音が出た瞬間に彼女の目の前に飛ぶしかなかった。
彼女は笑う。
「私は、まだ死ぬ訳にはいかないの。信じているもののためにもね。」

どがあっ!!!と後ろで爆発音がして、オレは前につんのめって彼女を庇うように上から覆い被さる形になった。ロボットの破片がオレの背中に当たり(鎧のおかげでどうにかなっているが)、熱と衝撃波が容赦なく足下から襲いかかる。
しかしそれは短時間で終わる話で、オレをロボットの破片よけに使った彼女の腕が首に絡まり、頭にごつりと銃口が小突いた。
香りと共に、冷静でそれでも甘く優しい言葉が自分の耳に届いたのを感じた。



「バイバイ、スプラ。」
彼女は笑顔と共に躊躇なく引き金を引いて見せた。


・・・・・・・・・・・・が、オレだってこんなとこで死んでられるか!!
オレは彼女が引き金を引いたと同時に銃口を左手で塞いだ。
鈍い衝撃と共に左手に穴が開いたが、右腕を打ち抜かれた時と比べればどうってことはない。
弾は貫通して手甲で止まり、血みどろの左手で彼女の体を押さえ付けた。

「ぐっ・・・・・・!!う、あ、あんたはどっちだ・・・・・・?死か恥か、どっちを選ぶ?」
「子供だっていうのに・・・・・・お見事な根性ね。」
「あんたは勘違いをしてる。オレは確かに甘い事考えてたガキだよ。大人でもない、腕なしのガキだよ。だがな・・・。」
オレは彼女の両腕を支配したまま右腕で彼女の銃を手に取った。
先ほど彼女が使ったばかりの銃だ。

ガチリと彼女のこめかみに当てる。
彼女の手からナイフがこぼれる音が聞こえた。
抵抗をやめるという意思表示の音は、この銃が正常に機能するという答えにもなる。


「ガリュ、オレはガキの前に兵士なんだ・・・・・・。」

戦場にいるときのオレは、子供の前に兵士だった。
男の前に兵士だった。
スプラの前に、戦う事だけを考える兵士なのだ。





「動くな・・・。すぐに終わる。

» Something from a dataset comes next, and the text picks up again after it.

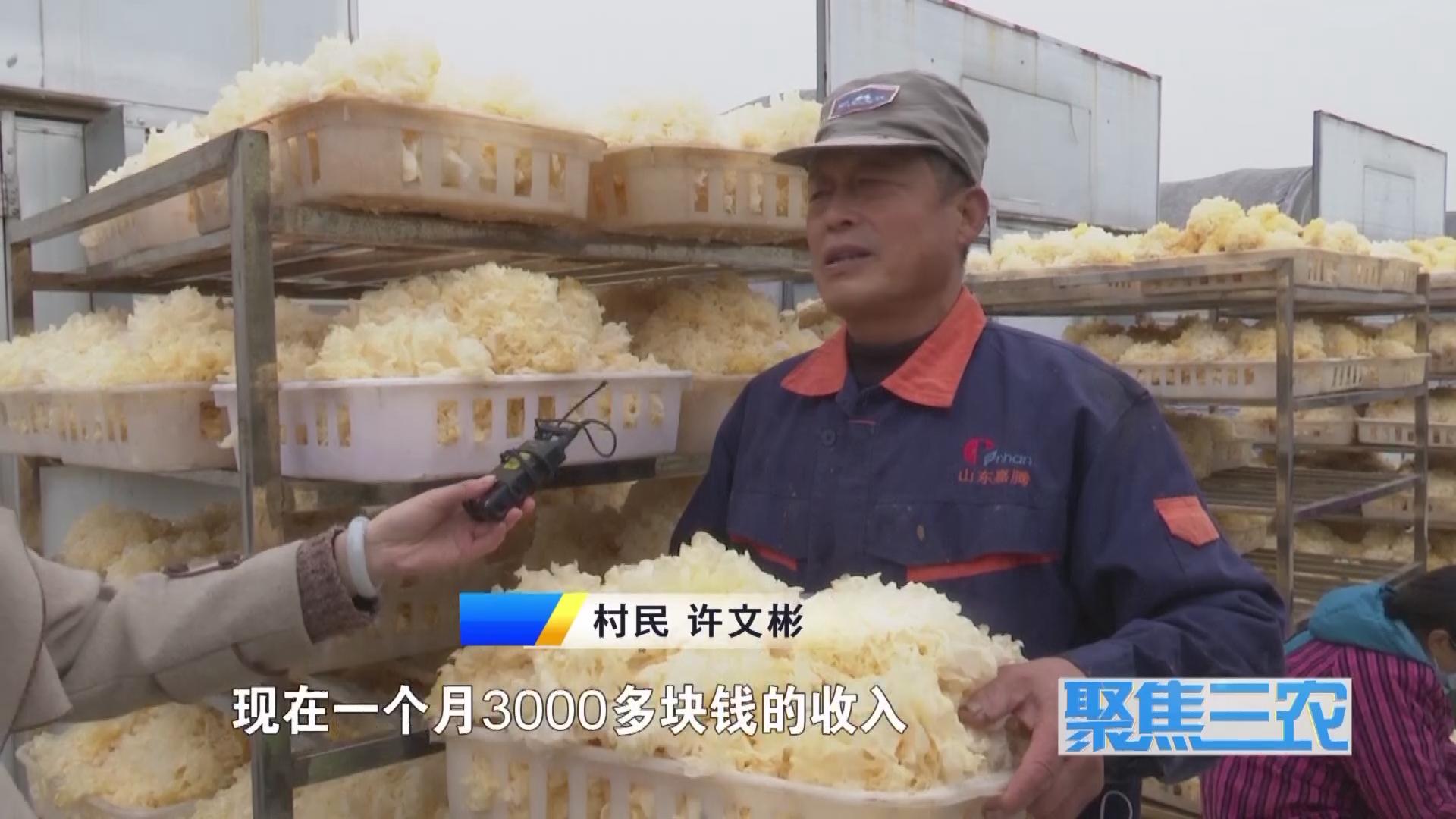 聚焦三农种植蔬菜致富,福建古田银耳栽培致富事例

」
弾にも銃にも妙な細工をしておらず、自分がこれからその銃で頭を吹っ飛ばされて死ぬと言うこともわかっているのだろう。
殺気を感じた先ほどの表情とは打って変わって、ガリュはいつもの通りの凛とした美しい顔に戻っていた。
「清浄な空気を、平和な世の中で吸いたいって思うのはいけない事かしら?」
「・・・なに?」
「スプラ、私は、いいえ私達の願いはそれだけなのよ。ただ、私の知識が平和利用される世で、きれいな空気を吸って暮らしたいだけ。私が今大切にしたいのは、その想いとそれを遂げようとする仲間達だけなの。」
「ガ、リュ・・・・・・。」



「そんな当たり前の事を望んでいる私達の・・・・・・どこが悪いって言うの?」

彼女の甘い言葉にオレはまた甘さが出ていたらしい。
彼女の装甲の手首から小さなナイフが飛び出てきて、オレの頬をかすめた。
オレの顔が歪んだと同時に、踊るような身のこなしでオレから銃を奪い取って窓際に立ち、オレの血がまみれた銃口を向けた。
赤い視線が殺気を帯びてオレを貫く。

「そんな私達の願いをジャマするあなた達に抵抗する事のどこが悪いのよっ!!!」
「全部だよ。」

聞きおぼえのある声が後ろからした。おやっさんだ。
重なる乾いた銃声音。おやっさんがオレを足蹴にして床にへばりつかせ、その頭ぎりぎりに彼女の弾がかすめていった。
彼女は全身に弾を受けて、床にゆっくり崩れた。

ガリュの名前を叫ぼうと思ったが、変わり果てた彼女の姿を見ると声が出てこなくなった。
おやっさんは口を割らせるつもりだったのだろう、ガリュは全身打ち抜かれていたがまだ息があった。
銃も手も血みどろで、オレを刺し殺そうとしたナイフは床に転がっていた。
耳を打ち抜かれて、顔も弾がかすめて頬の肉がえぐれていたがそれでも彼女は美しかった。

いや、ガリュだからきれいに見えた。

例え敵でも、例えオレを殺そうとしても、まだ自分の中にこんな感情があるくらい、すべてを許せるくらい、好きだったひとだから。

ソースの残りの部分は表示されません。